Cependant, quelle que soit la position que l’on adopte, il faut bien reconnaître que la perception et la compréhension du mouvement sont liés au développement du contrôle postural et moteur (Butterworth & Hicks, 1977), de la coordination visuo-manuelle, mais aussi et de manière plus cruciale pour l’entrée dans la communication, à celui de l’attention conjointe (cf. infra, pages 54-55), de l’imitation (nous y reviendrons au chapitre III), et de la lecture des émotions sur des visages toujours mobiles : autant d’éléments qui ont été récemment mis en valeur notamment par les travaux de Gepner et ses collaborateurs, liant trouble de la perception des mouvements et autisme (Gepner, 2001 ; Gepner, Lainé & Tardif, 2005 ; Gepner & Tardif, 2006). Depuis plus de dix ans, de nombreux travaux ont montré que la détection et l’intégration du mouvement étaient problématiques dans l’autisme (Blake, Turner, Smoski, Pozdol, & Stone, 2003 ; Gepner, Mestre, Masson, & de Schonen, 1995 ; Spencer, O’Brien, Riggs, Braddick, Atkinson, & Wattam-Bell, 2000) et que les déficits observés étaient fonction de la rapidité, c’est-à-dire aussi de la complexité perçue (Bertone, Mottron, Jelenic, & Faubert, 2003 ; Gepner & Mestre, 2002 ; Milne, Swettenham, Hansen, Campbell, Jeffries & Plaisted, 2002). Cette complexité a été liée par certains auteurs à la dimension sociale qu’il faut prendre en compte pour interpréter les mouvements humains en contexte (voir par exemple Klin, Jones, Schultz, et Volkmar, 2003). Ce qui nous intéresse tout particulièrement ici, c’est que le mouvement, à la différence de la reconnaissance d’objet, semble ne pas pouvoir être compris grâce à des représentations géométriques simples, une conclusion à laquelle sont arrivées aussi les recherches visant à mettre en œuvre une compréhension automatique (informatisée) du mouvement. Bobick (1997) a ainsi montré qu’à l’exception de la simple perception du mouvement invariant et linéaire, il fallait prendre en compte des dimensions qualitatives, temporelles, liées à la compréhension des actions. A l’évidence, la perception du mouvement est souvent indissociable de celle de l’intentionnalité, de l’intensité ou des types de forces en présence, ainsi que d’anticipations liées par exemple à la représentation du but à atteindre (Cadiot, Lebas & Visetti, 2006)
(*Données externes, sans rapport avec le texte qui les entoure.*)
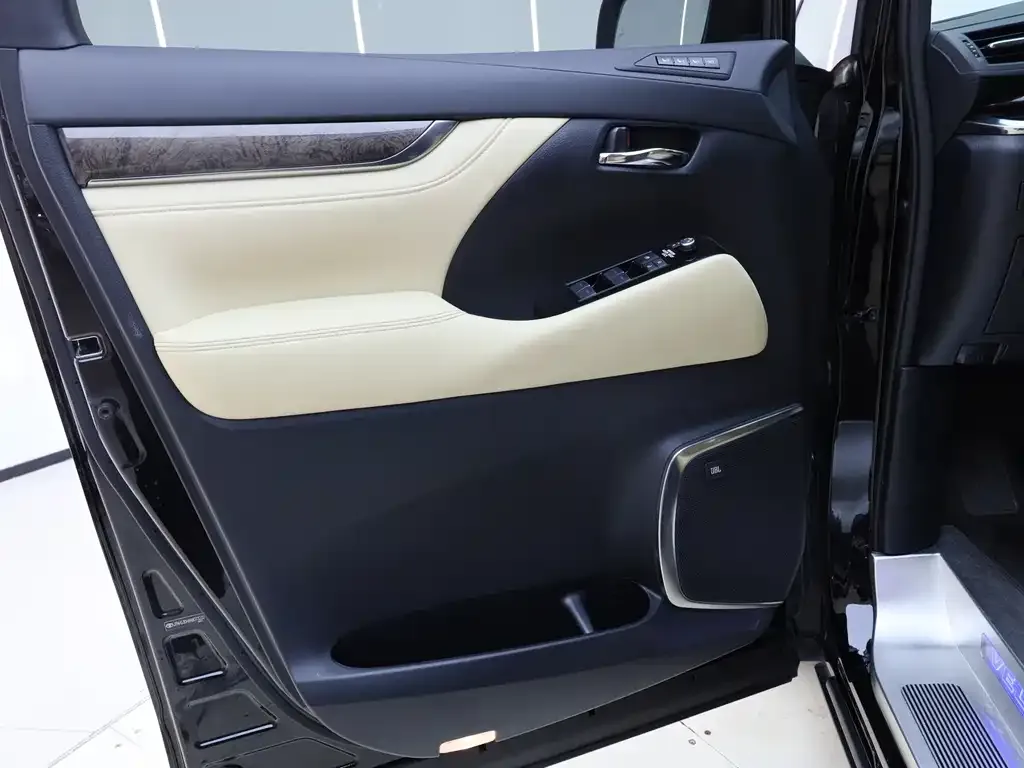 Toyota Vellfire 2022 из CN, фото 3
Mais que la perception du mouvement, si complexe soit-elle, soit cruciale pour notre aptitude à communiquer n’implique pas nécessairement que nous fassions de ce mouvement l’objet de nos échanges verbaux. Bien au contraire, le mouvement semble plutôt rester à l’arrière-plan des interactions communicationnelles, et comme tel, il serait relativement rarement choisi comme thème conversationnel.